The former chief of staff to retiring Mayor Richard M. Daley bounced between second and third place in polls throughout the campaign. He vowed to force a runoff against Rahm Emanuel, but his efforts fell short when Emanuel eclipsed 50 percent.
"I pledge my full support to Rahm Emanuel," Chico said in his concession speech.
That's a shocking turn of events for a candidate who thought he had a shot.
Chico broke out among mayoral candidates early in the race thanks to his experience spanning schools president to Public Building Commissioner and park district Board of Commissioners President to Daley's right-hand man.
He started his campaign saying he would cut the mayor’s pay by 20 percent and require other city managers to do the same.
Chico gained support from the Fraternal Order of Police, Firefighters Union Local 2, Latino cops and Congressman Luis Gutierrez, who said "Chico is the stronger candidate.

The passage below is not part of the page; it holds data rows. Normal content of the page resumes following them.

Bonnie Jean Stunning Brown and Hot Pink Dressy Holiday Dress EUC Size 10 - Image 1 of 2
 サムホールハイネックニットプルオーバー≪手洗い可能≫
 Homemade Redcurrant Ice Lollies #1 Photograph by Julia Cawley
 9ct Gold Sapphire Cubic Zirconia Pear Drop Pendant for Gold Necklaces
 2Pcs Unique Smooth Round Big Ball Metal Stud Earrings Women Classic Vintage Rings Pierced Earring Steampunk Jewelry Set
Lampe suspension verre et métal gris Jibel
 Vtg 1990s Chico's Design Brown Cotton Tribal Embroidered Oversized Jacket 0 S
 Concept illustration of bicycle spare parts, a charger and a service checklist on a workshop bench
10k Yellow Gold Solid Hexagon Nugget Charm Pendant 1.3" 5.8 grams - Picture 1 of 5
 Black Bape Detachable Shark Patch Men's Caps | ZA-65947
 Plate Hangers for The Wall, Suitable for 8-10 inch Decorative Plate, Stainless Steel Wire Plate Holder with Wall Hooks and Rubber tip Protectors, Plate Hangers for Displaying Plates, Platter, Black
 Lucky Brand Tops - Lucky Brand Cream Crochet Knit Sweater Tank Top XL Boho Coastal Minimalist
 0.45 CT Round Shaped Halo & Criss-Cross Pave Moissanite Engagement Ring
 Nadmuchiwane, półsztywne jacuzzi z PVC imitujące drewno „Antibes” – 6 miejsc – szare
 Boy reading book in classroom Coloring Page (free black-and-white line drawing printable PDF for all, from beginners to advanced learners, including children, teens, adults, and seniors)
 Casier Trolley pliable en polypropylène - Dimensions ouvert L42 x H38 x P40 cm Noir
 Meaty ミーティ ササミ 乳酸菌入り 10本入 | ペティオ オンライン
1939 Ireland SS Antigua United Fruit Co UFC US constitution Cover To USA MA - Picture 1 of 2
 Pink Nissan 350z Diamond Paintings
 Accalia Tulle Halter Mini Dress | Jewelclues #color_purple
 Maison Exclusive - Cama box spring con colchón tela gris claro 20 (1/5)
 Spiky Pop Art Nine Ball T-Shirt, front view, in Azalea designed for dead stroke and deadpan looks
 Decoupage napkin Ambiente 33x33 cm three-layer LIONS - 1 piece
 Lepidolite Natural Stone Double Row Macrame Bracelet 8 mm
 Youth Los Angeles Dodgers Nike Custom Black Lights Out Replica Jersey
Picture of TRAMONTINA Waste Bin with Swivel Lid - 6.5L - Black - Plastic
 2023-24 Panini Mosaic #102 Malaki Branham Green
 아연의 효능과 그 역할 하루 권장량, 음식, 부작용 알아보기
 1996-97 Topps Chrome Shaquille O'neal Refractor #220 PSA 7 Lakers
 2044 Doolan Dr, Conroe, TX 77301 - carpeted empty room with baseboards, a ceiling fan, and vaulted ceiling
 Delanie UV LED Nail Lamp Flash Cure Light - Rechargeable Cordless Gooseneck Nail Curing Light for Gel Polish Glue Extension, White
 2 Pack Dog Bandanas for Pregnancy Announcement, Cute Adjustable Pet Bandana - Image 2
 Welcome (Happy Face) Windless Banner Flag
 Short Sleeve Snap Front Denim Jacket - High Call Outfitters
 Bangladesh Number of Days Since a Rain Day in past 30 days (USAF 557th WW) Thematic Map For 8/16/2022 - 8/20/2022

He's been a consensus builder."
Indeed, Chico proved a consensus candidate among Greek and Latino communities, charging out of the gate with support from Manny Flores and Joe Moreno.
Earlier this year, Chico said he would find the cash to put 2,000 more cops on the streets and disputed Emanuel's proposed tax on luxury services, calling it the Rahm Tax in TV ads.
Less than two weeks before the election, Chico promised a runoff.
"We have a robust field operation," he said at a news conference in Pilsen with Ald. Danny Solis (25th). "If we're doing our jobs right there's going to be a runoff."
A Chicago Tribune poll, showed Chico with about 19 percent of the vote, the only candidate in position to challenge Emanuel in a runoff contest.